[Web page caption snippets]
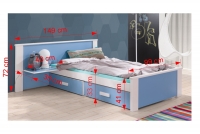 postel dzieciece přízemní Puttio II - Bílý akrylová + Modrý, 90x200 postel dzieciece přízemní Puttio II - Rozměry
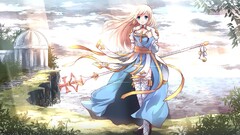 Anime anime girls original characters blonde long hair blue eyes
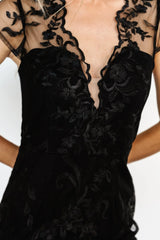 Delphine Applique Midi Dress | Black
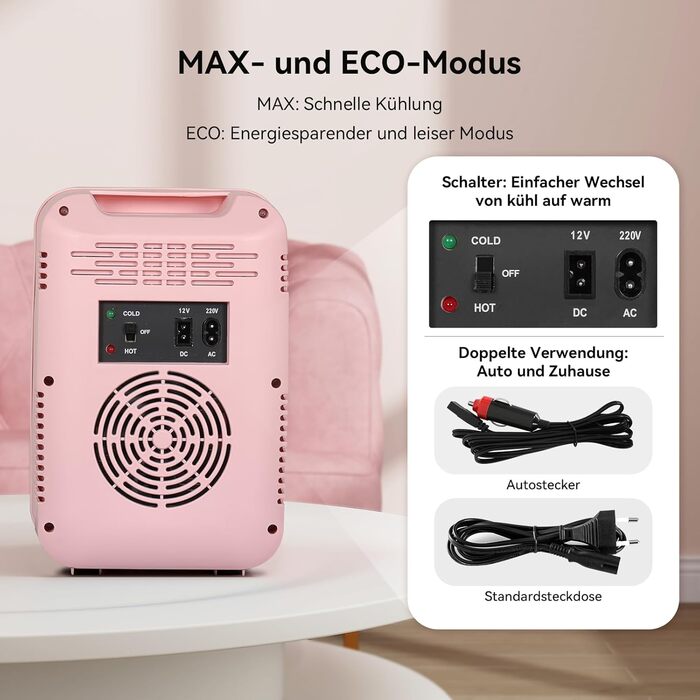Міні-холодильник для косметики YUSING 4л з LED дзеркалом та підсвіткою, 12V/220V, функція охолодження/нагрівання для авто, офісу, спальні, чорний (Рожевий 1.4л з LED дзеркалом)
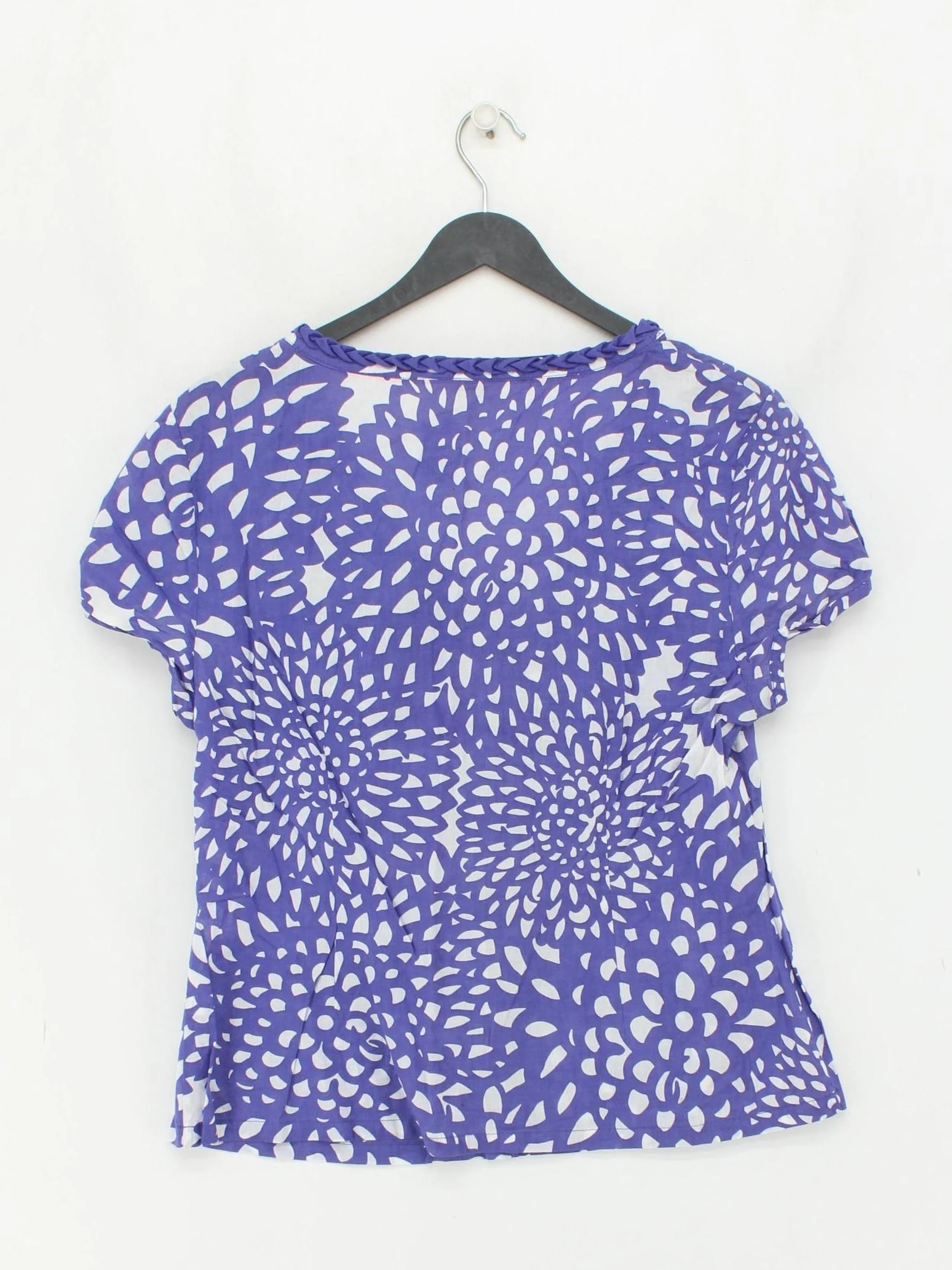 Boden Women's Top UK 6 Blue Floral 100% Cotton Short Sleeve Round Neck Basic - Image 2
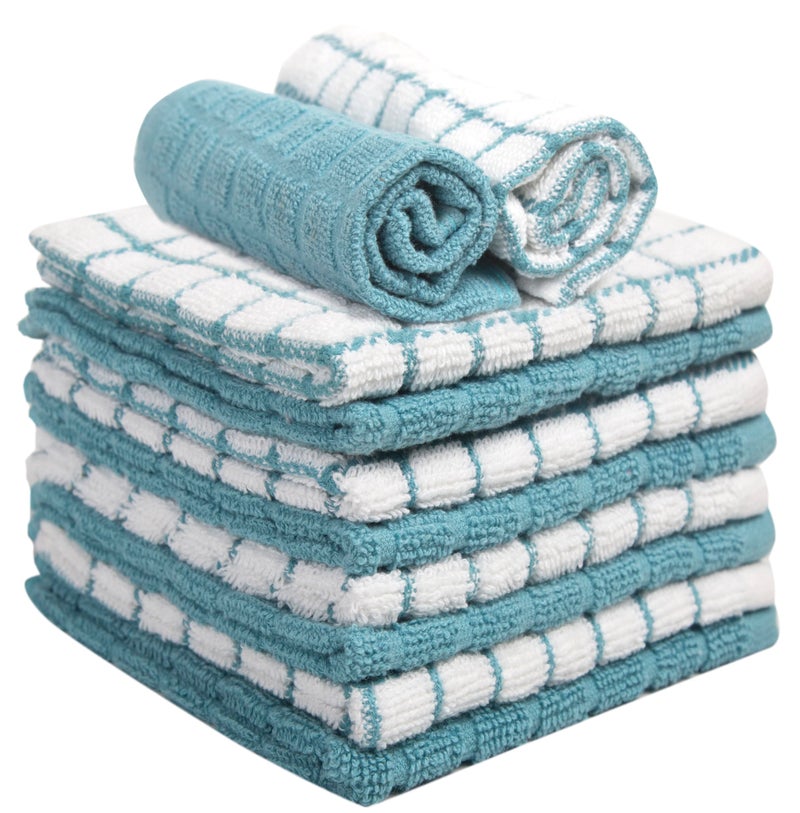Bumble Towels Bumble Dish Cloths (8 Pack) | 12" x 12" | 100% Cotton Kitchen Towels | 405 GSM | Soft, Highly Absorbent & Durable Dish Towels for Kitchen | Aqua - Image 4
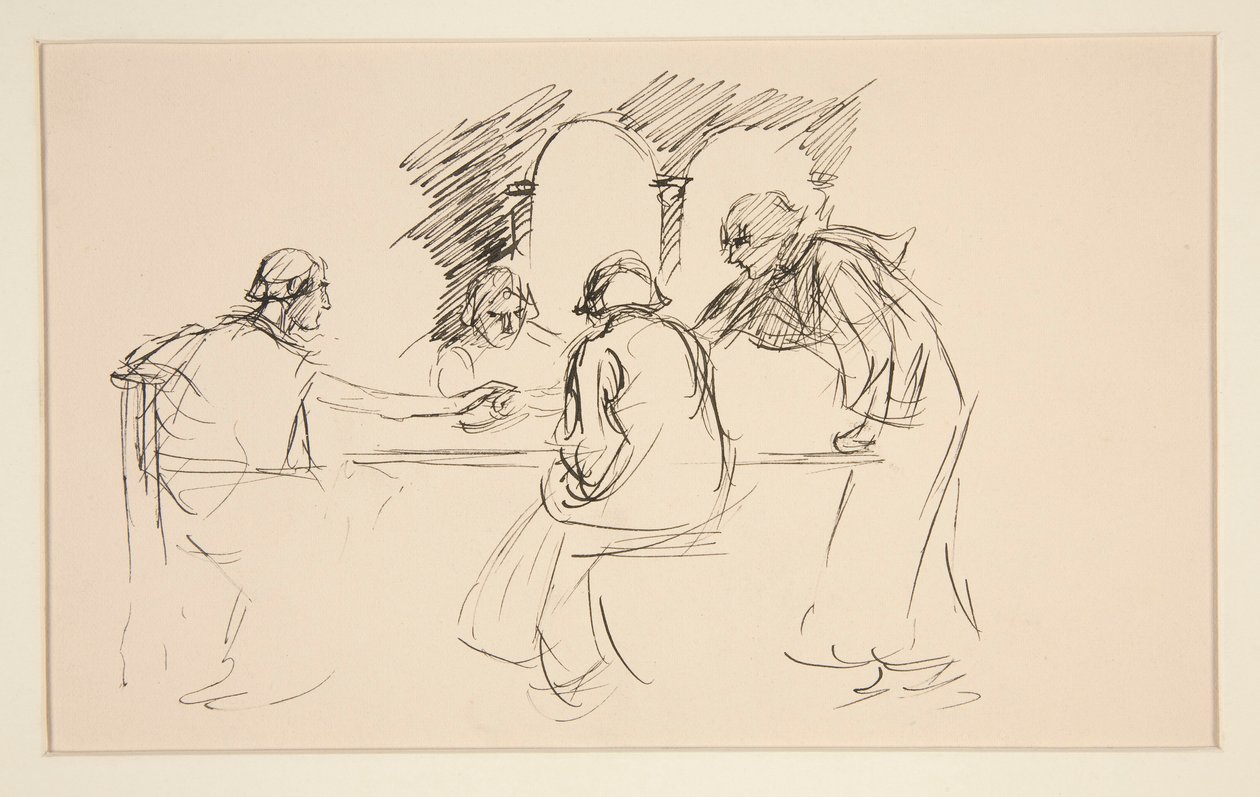 Sketch of Four Men in Medieval Dress at a Table - Unidentified Illustration by Edwin Austin Abbey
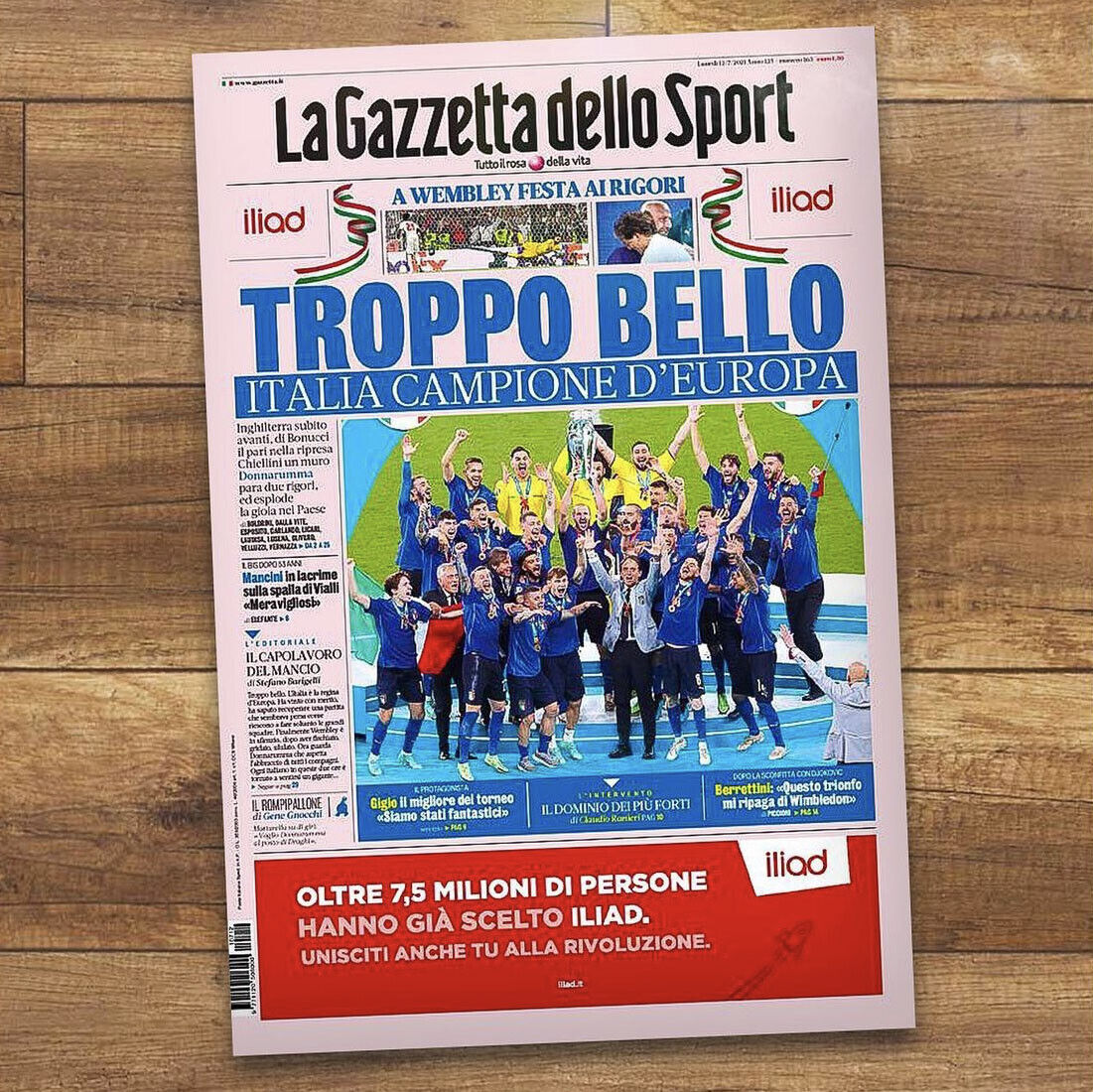 Gazzetta dello sport 12 luglio 2021 ITALIA CAMPIONE D' EUROPA EURO 2020 12/07/21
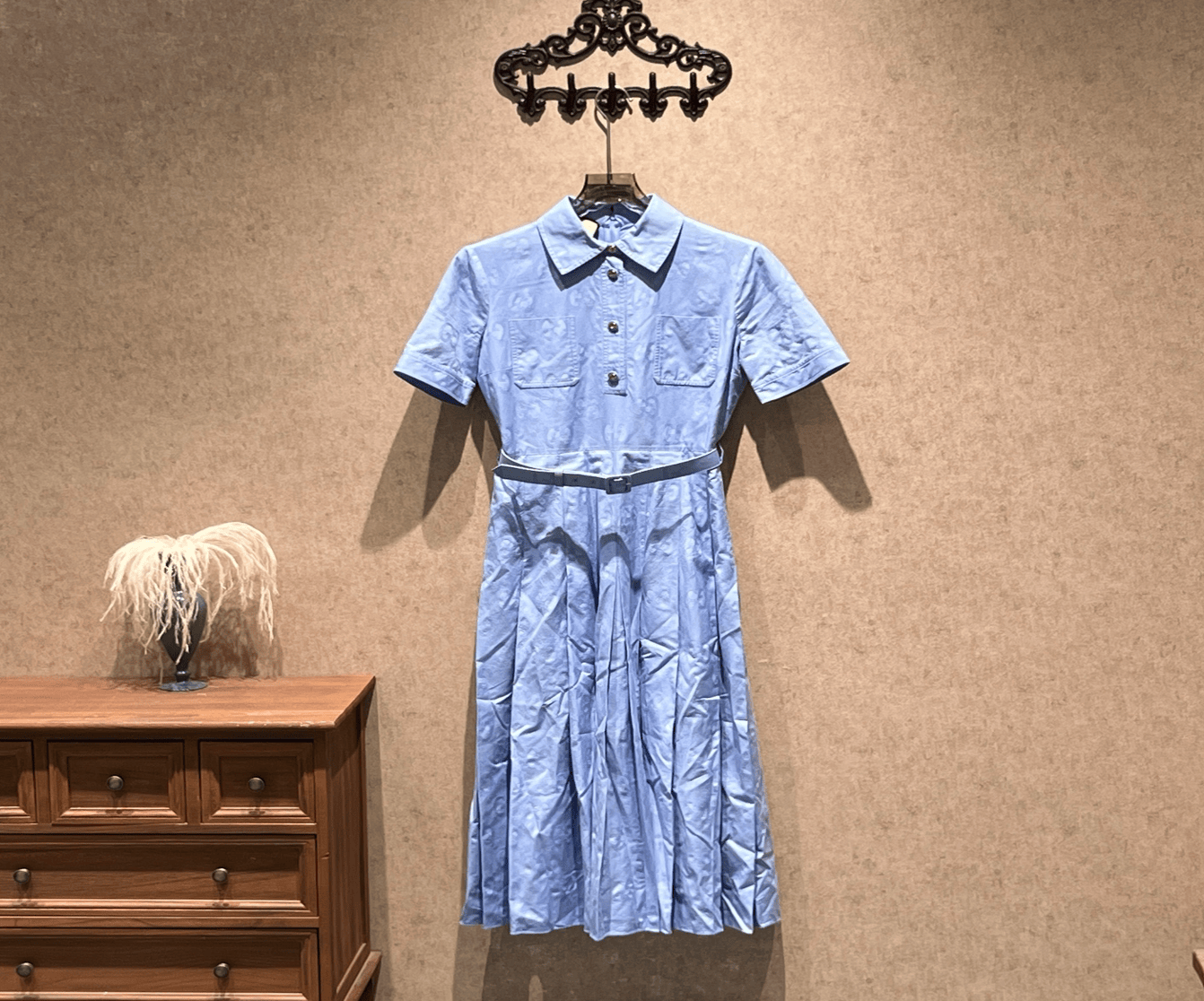 Gucci Gucci dusty blue monogram all-over print dress / Size 42 / 99% new / 42685 SGC42685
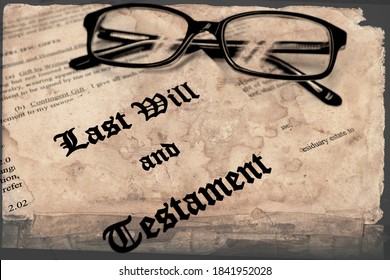 Envelope With Last Will And Testament And Reading Glasses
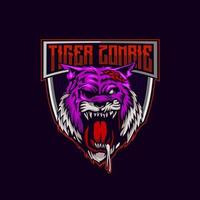 Tiger Zombie Logo. Tiger Zombie E-Sport Maskottchen Logo Vektor Maskottchen Vorlage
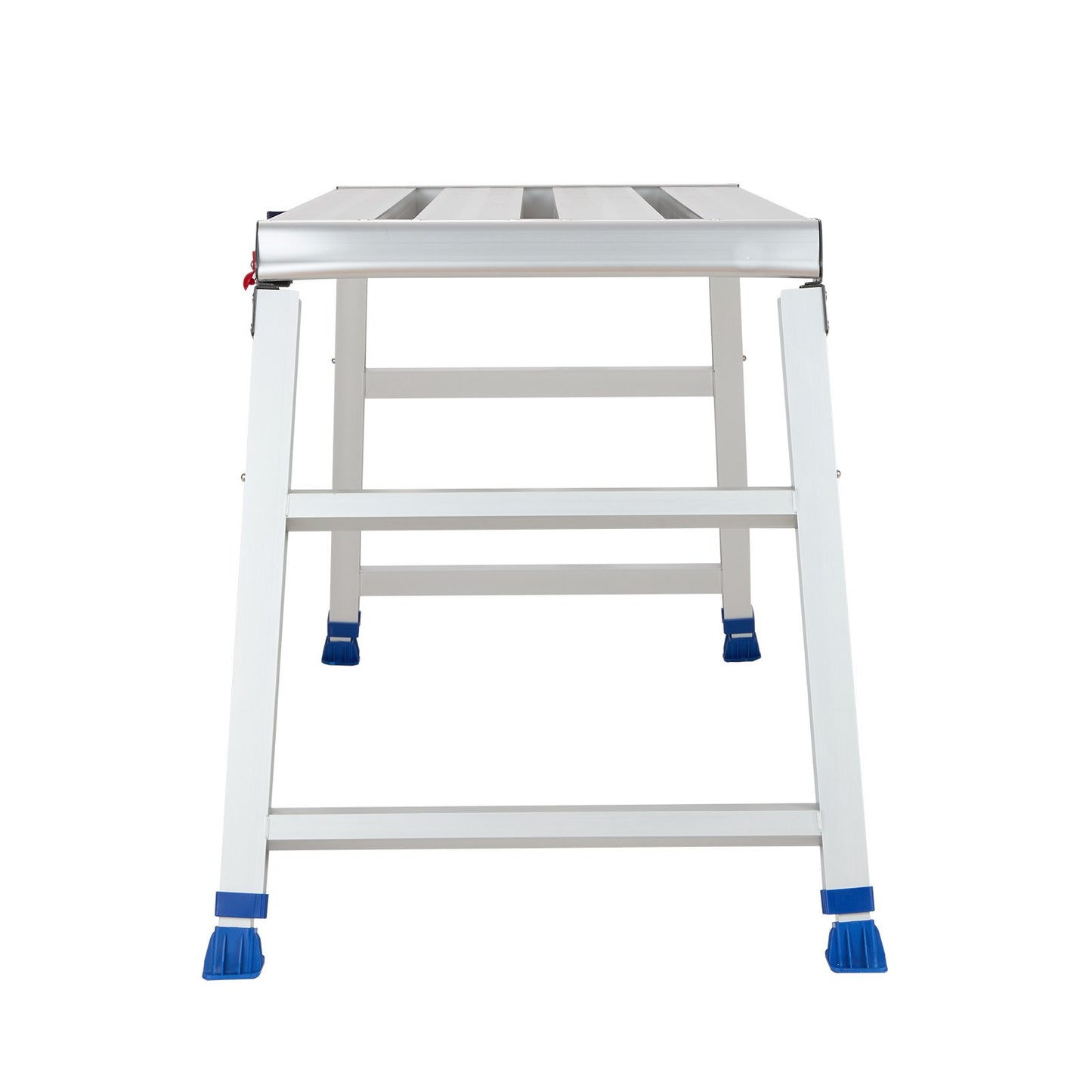 Folding Work Platform, Adjustable Height 584-876 mm, 1016 x 457 mm Aluminum Step Stool, 226.8 kg Load Capacity, Heavy Duty Non-Slip Platform Ladder, Portable Work Bench for Painting, Maintenance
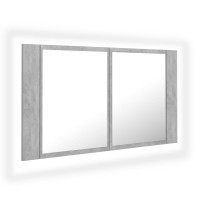 Produktbild för Spegelskåp med LED betonggrå 80x12x45 cm akryl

> ACTIVITY
The lines to copy begin at the one containing "Sketch of Four" and end at the last line of the records. Set down exactly those lines and no others, both ends included, and omit all pictures.

> TASK SOLUTION
 Sketch of Four Men in Medieval Dress at a Table - Unidentified Illustration by Edwin Austin Abbey
 Gazzetta dello sport 12 luglio 2021 ITALIA CAMPIONE D' EUROPA EURO 2020 12/07/21
 Gucci Gucci dusty blue monogram all-over print dress / Size 42 / 99% new / 42685 SGC42685
 Envelope With Last Will And Testament And Reading Glasses
 Tiger Zombie Logo. Tiger Zombie E-Sport Maskottchen Logo Vektor Maskottchen Vorlage
 Folding Work Platform, Adjustable Height 584-876 mm, 1016 x 457 mm Aluminum Step Stool, 226.8 kg Load Capacity, Heavy Duty Non-Slip Platform Ladder, Portable Work Bench for Painting, Maintenance
 Produktbild för Spegelskåp med LED betonggrå 80x12x45 cm akryl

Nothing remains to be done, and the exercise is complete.